Day 44 – His.
Today we visited the Nepalese palace. It was the scene of The
Nepalese royal massacre on 1 June 2001. Basically what happened was this, Dipendra (the
crown prince – and slightly unhinged) had been drinking heavily and had
"misbehaved" with a guest (whatever that means), so dad, King
Birendra, told his son to get lost for a bit. The drunken Dipendra was taken to
his room by his brother Prince Nirajan and cousin Prince Paras.
One hour later, Dipendra returned to the party armed with an
H&K MP5 and an M16 and shot 9 of them to death. During the shooting, Prince
Paras suffered slight injuries and managed to save at least three royals,
including two children, by pulling a sofa over them.
During the attack, Dipendra darted in and out of the room
firing shots each time. His mother, Queen Aishwarya, who came into the room
when the first shots were fired, left quickly, looking for help – or so she
says – to be honest I am sort of with her – if I came into a room and my dead
beat drunken, slightly crazy son was spraying bullets around from an M16 – I would
have ‘gone looking for help’ too.
Dipendra ran amok around the place until his mother
Aishwarya and his brother Nirajan confronted him in the garden of the palace,
where they were both shot dead. Dipendra then staggered to a small bridge over
a stream running through the palace, where he shot himself.
Needless to say most of Nepal was in shock and oddly enough,
despite a ton of evidence, it is widely believed that Dipendra didn’t do it.
Most of the conspiracies centre around the involvement of the Indians. The
world is a curious place.
Well after Dipendra did for most of the family his younger
brother, Gyanendra, came to the throne. Gyanendra's reign was marked by
constitutional turmoil. His predecessor King Birendra had established a
constitutional monarchy in which he delegated policy to a representative
government. The growing insurgency of the Nepalese Civil War during King
Gyanendra's reign interfered with elections of representatives. After several
delays in elections, King Gyanendra suspended the constitution and assumed
direct authority in February 2005, assuring that it would be a temporary
situation to suppress the Maoist insurgency. In the face of broad opposition,
he restored the previous parliament in April 2006. His reign ended approximately
two years later, when the Nepalese Constituent Assembly declared Nepal a
republic and stripped the King of all titles and duties. Apparently he is still
alive and well and hoping to be king again.
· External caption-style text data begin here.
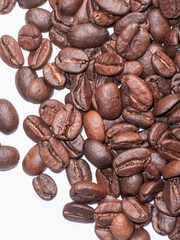 Roasted coffee beans scattered on white background close up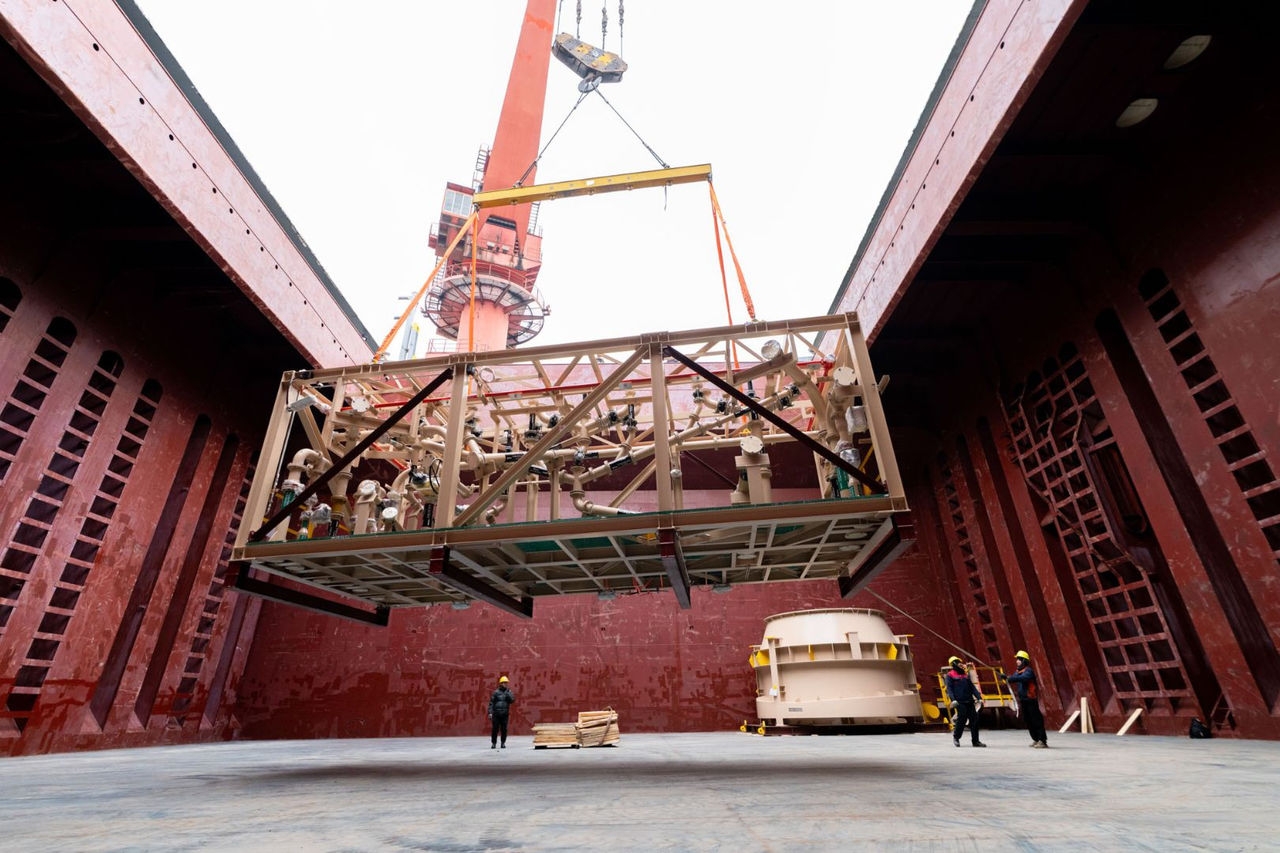 a crane lowers a rectangular steel frame containing equipment into a ship's hold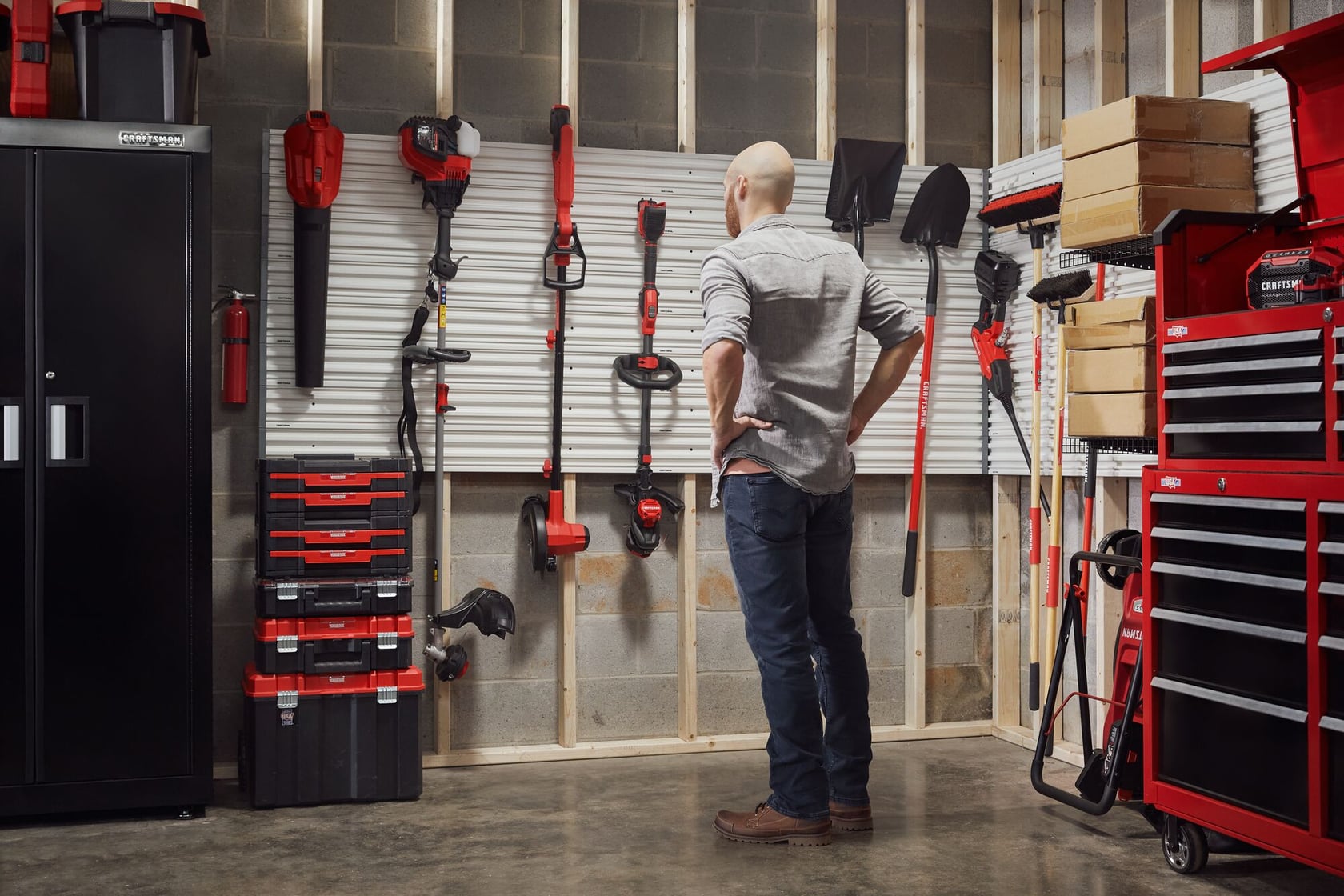 Man standing admiring his garage filled with power tools, storage, outdoor products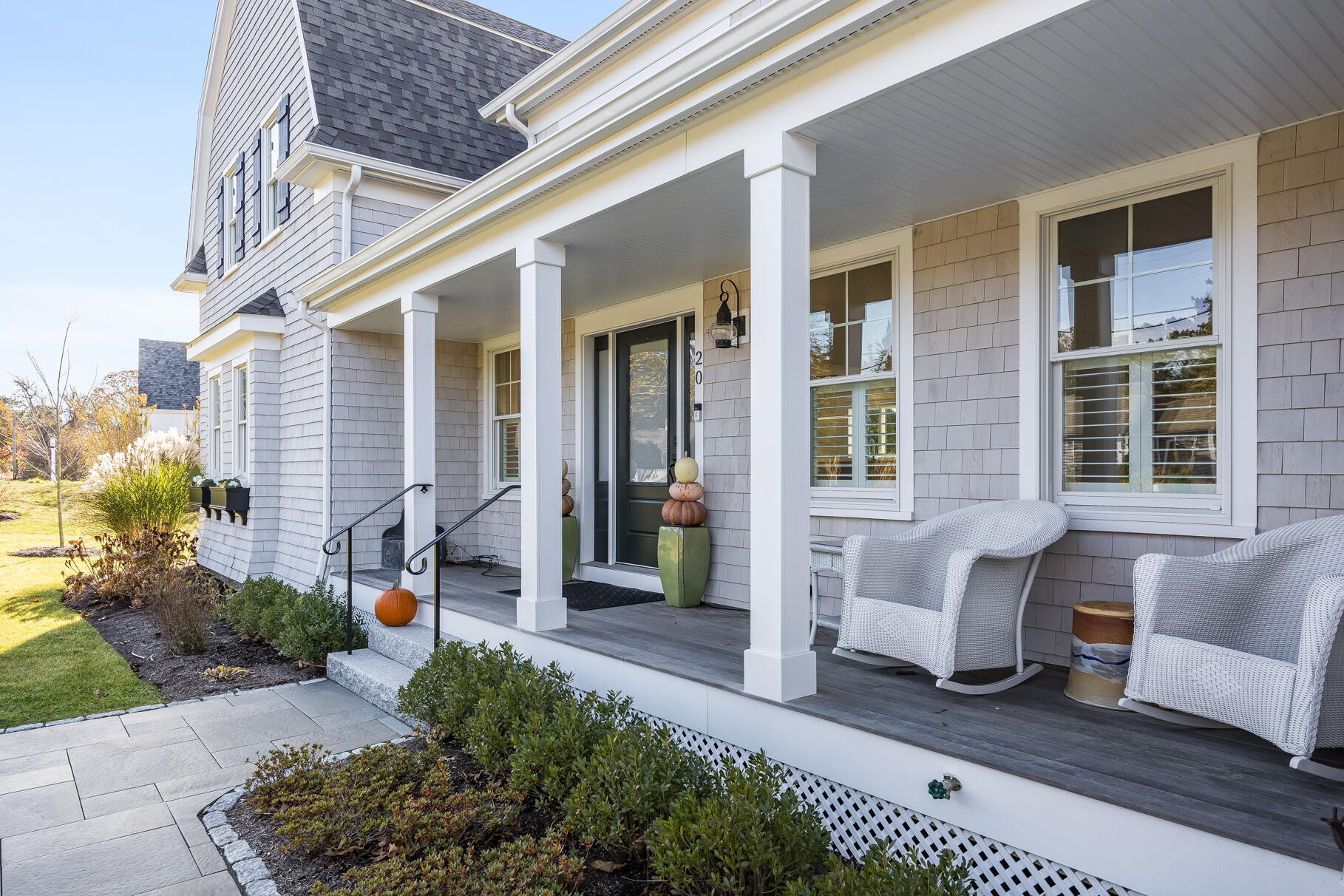 20 Cockle Cove Road South Chatham, MA 02659 - Photo 6 of 42 a front view of a house with outdoor seating and a potted plant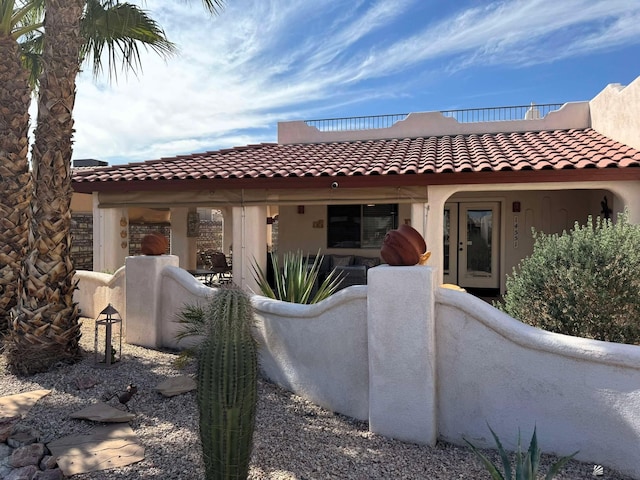 14551 E 49th St, Yuma, AZ 85367 - back of property featuring a tiled roof, fence, and stucco siding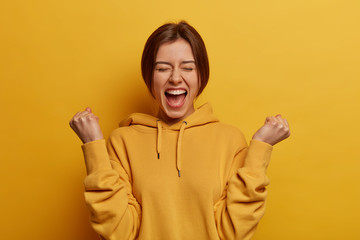 Lucky positive woman feels happy and relieved, achieves reward, clenches fists with triumph, celebrates great amazing news, exclaims with joy, wears casual hoodie, isolated on yellow background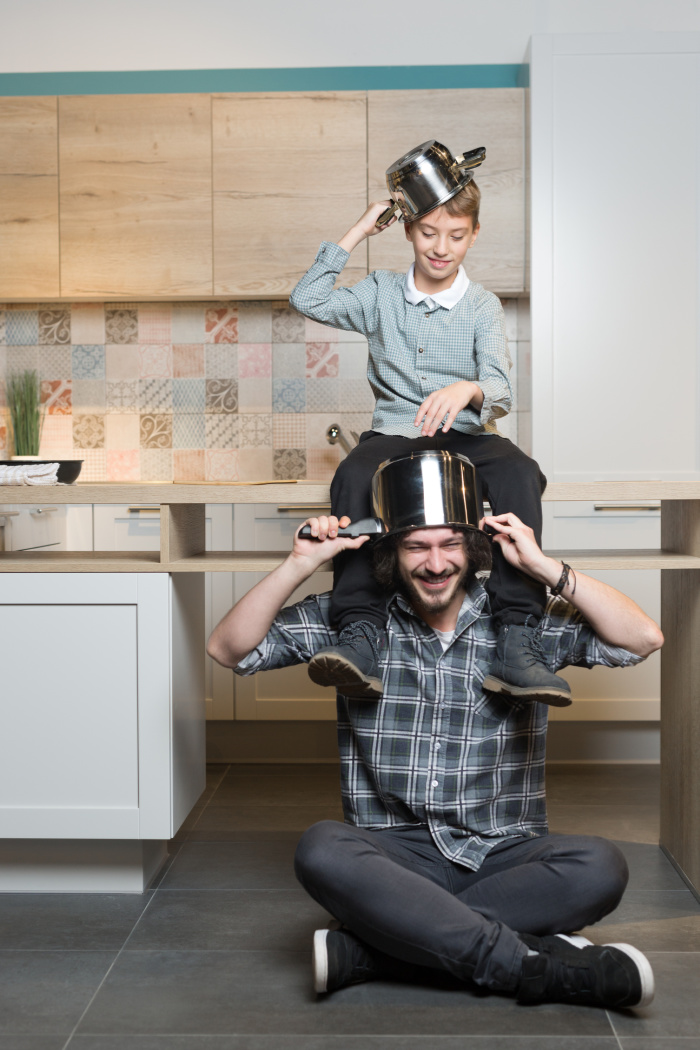 Make new Years eve memories- man and woman sitting in kitchen with pots on their head- kids activities blog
In 2001 the Nepalese performed an exorcism for the spirit of
the only slightly crazy Dipendra and after ousting Gyanendra they opened the
palace up as a sort of shrine/museum.
It’s a large rickety building filled with treasures from the
royals – mostly sets of clothes, photos and gifts from foreign dignitaries and all
to do with the recent royals. The path through the palace museum is clearly
marked and wends its way around from the lowest room to the highest tower –
which is a little unnerving as it goes up some pretty rickety stairs to a fine
view of the city from the topmost point.
After the Palace we went looking for the erotic temple, a replica of the more famous temple by the Bagmati river, supposedly widely noted for the erotic carvings on its
struts which to be honest didn’t seem that pornographic given the internet. There
is an old joke – that if all the pornography was removed from the internet
there would be only one site left – and that would be calling for a return of
pornography. Equally, if they had rebuilt the temple without the carvings i
wonder how many people would come to see it. We walked around it a couple of times until a
guide chased us away with his offers of help.
Having had enough for the day we set off back to the hotel.
Day 44 – Hers.
We have discovered a way to navigate this city – or at least
the routes to the main sights. The ways
you are meant to walk are paved with neat block paving. It has made finding our way around a lot
easier – and removed some of the more unpleasant smells and squalor from our
walks. It has meant, though, that we are
even more removed from the lives of the local people. We really only come across shop owners,
beggars and rickshaw drivers now – everyone wanting to separate us from our
money.
We stopped at a local supermarket on the way back to our
hotel. I have gone off eating anything
we buy except packaged food. We bought
provisions for lunch – some lovely date and fig things, cheese biscuits and coconut
‘crunchies’. It was a very happy picnic –
and I don’t have to worry about how many flies tasted it first....
We spent the afternoon repacking our bags in advance of our
treks - and then chilled, reading and
chatting until dinner. The daily
rainstorm hit just as it was time to go out – so dinner in the hotel it is!